-------- Information supplied
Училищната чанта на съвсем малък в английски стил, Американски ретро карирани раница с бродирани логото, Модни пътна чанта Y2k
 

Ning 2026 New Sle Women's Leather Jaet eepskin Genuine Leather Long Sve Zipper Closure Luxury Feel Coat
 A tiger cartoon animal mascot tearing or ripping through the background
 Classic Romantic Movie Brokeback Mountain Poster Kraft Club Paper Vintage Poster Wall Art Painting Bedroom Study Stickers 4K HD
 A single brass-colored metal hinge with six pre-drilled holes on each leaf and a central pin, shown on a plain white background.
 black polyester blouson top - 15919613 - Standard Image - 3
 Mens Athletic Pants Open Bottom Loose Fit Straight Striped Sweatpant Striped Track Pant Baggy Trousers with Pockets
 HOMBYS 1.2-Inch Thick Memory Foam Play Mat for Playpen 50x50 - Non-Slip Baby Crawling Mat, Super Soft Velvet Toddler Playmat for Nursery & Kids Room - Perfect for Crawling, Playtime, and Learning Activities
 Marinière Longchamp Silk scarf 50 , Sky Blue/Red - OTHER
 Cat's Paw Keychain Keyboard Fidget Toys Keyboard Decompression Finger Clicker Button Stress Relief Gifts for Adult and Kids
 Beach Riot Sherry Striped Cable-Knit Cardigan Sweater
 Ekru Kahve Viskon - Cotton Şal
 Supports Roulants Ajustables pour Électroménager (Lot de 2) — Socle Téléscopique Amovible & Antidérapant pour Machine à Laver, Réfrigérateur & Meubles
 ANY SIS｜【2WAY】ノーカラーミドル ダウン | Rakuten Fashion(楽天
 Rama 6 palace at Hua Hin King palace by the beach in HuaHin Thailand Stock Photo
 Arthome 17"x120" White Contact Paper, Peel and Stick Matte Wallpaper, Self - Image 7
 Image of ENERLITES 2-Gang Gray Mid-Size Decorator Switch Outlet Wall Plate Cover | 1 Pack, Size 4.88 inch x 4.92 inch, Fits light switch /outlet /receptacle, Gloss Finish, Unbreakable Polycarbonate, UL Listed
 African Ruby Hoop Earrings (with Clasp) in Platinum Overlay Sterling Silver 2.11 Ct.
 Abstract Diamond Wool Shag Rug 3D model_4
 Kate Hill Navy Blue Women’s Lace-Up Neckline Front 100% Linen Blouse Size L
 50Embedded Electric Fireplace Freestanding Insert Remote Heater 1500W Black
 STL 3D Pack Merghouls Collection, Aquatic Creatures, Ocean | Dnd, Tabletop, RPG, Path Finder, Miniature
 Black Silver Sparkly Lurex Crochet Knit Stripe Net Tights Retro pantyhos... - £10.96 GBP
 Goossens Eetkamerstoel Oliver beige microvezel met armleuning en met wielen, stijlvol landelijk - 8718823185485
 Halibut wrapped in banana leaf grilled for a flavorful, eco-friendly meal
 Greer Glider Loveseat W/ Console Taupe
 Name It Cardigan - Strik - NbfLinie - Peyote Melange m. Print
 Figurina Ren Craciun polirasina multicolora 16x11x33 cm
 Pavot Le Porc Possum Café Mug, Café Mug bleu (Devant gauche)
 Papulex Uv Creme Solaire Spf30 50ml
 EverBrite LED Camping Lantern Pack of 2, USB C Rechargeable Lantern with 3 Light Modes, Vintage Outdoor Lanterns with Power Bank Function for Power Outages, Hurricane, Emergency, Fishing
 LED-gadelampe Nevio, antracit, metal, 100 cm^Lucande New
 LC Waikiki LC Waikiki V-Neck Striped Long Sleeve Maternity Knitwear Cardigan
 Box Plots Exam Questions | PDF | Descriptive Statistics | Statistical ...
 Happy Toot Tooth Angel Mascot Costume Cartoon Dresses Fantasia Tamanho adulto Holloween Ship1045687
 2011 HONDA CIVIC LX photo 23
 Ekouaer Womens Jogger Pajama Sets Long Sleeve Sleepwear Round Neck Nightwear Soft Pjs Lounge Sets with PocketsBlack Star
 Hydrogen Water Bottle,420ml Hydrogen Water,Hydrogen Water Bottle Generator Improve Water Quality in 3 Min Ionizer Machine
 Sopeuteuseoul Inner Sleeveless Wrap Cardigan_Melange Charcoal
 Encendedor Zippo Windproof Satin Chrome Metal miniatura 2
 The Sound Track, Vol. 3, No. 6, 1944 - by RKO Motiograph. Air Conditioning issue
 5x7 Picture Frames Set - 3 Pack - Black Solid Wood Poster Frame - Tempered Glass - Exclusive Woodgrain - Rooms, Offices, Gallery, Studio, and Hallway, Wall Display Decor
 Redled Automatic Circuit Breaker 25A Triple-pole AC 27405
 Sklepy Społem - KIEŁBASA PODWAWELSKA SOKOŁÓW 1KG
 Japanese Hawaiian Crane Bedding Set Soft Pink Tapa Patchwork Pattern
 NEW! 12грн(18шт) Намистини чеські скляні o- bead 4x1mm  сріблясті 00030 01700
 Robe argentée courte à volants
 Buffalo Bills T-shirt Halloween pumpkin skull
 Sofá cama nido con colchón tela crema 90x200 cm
----------------
• _Requirement_: Track down all lines above with the string "Paper" and copy them.

• _The answer_:
 Classic Romantic Movie Brokeback Mountain Poster Kraft Club Paper Vintage Poster Wall Art Painting Bedroom Study Stickers 4K HD
 Arthome 17"x120" White Contact Paper, Peel and Stick Matte Wallpaper, Self - Image 7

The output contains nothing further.